Waking early, we packed out bags at the Kokotel in On Nut. It always takes us a little while to get back into packing efficiently so it took us a little time. We checked out and went down to pack the bikes. My bike (the pcx) was much harder to strap the bags down as it had no strapping points, but we managed. With a quick goodbye to Bangkok, we headed out into the traffic.

And what traffic it was! It wasn’t really aggressive, but there was so much of it! Rossi would, no doubt, have sneered in Italian, but would most certainly not have been happy here. It took us two-and-a-quarter hours to travel 80km. We stopped, parched, for an iced coffee and water and continued on.
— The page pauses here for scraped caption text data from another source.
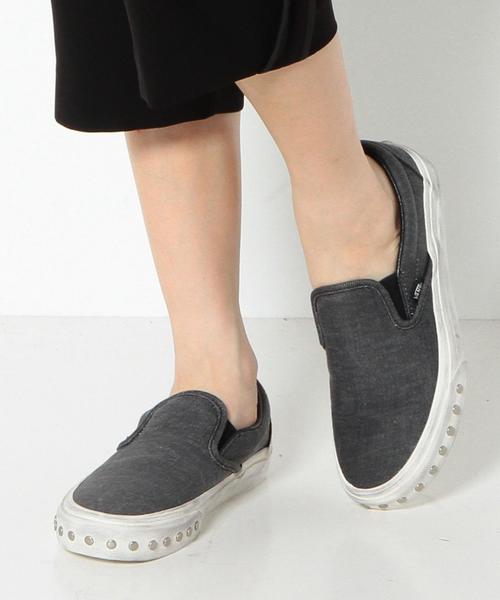 VANS（バンズ）の「VANSオーバーウォッシュスリッポン/BCVANS Over W SLIP-ON（スリッポン・レディース・ホワイト/ダークグレー・4h/5/6/7）」の9枚目の写真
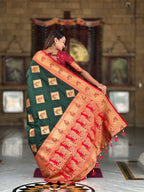 Bottle Green Soft Banarasi silk saree with zari weaving Meenakari design all over the saree & contrast weawing Rich pallu with contrast weawing border & tessels attached at Pallu End. Blouse :- Soft silk weawing blouse piece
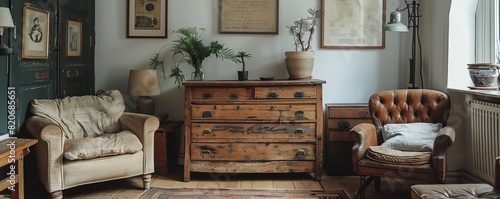 Antique wooden furniture in a modern home, showing signs of woodworm but still in use, juxtaposition of old and new, digital art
Traffic on holiday isn’t like other traffic. Particularly when you’re driving yourself. There is none of that gotta-get-on, gotta make the kilometres, gotta get there in time…at least for us. We had all day to get to Khorat (and we’d take it) The stress came not from being slow, but from being in traffic we weren’t yet used to. Dalma started out anxious (hell, I started out anxious), but as the day went on, we both calmed down. I even saw some of Speedy Dalma that I used to see on Earandil. I’d be pootling along at 80kph, and with a flash and a wave, she’d overtake me and the truck I’d been dutifully following, and I’d need to twist the throttle to catch up. More than once I ended up half a dozen vehicles behind her. Her anxieties aside, she really is the most capable rider once she’s on the bike.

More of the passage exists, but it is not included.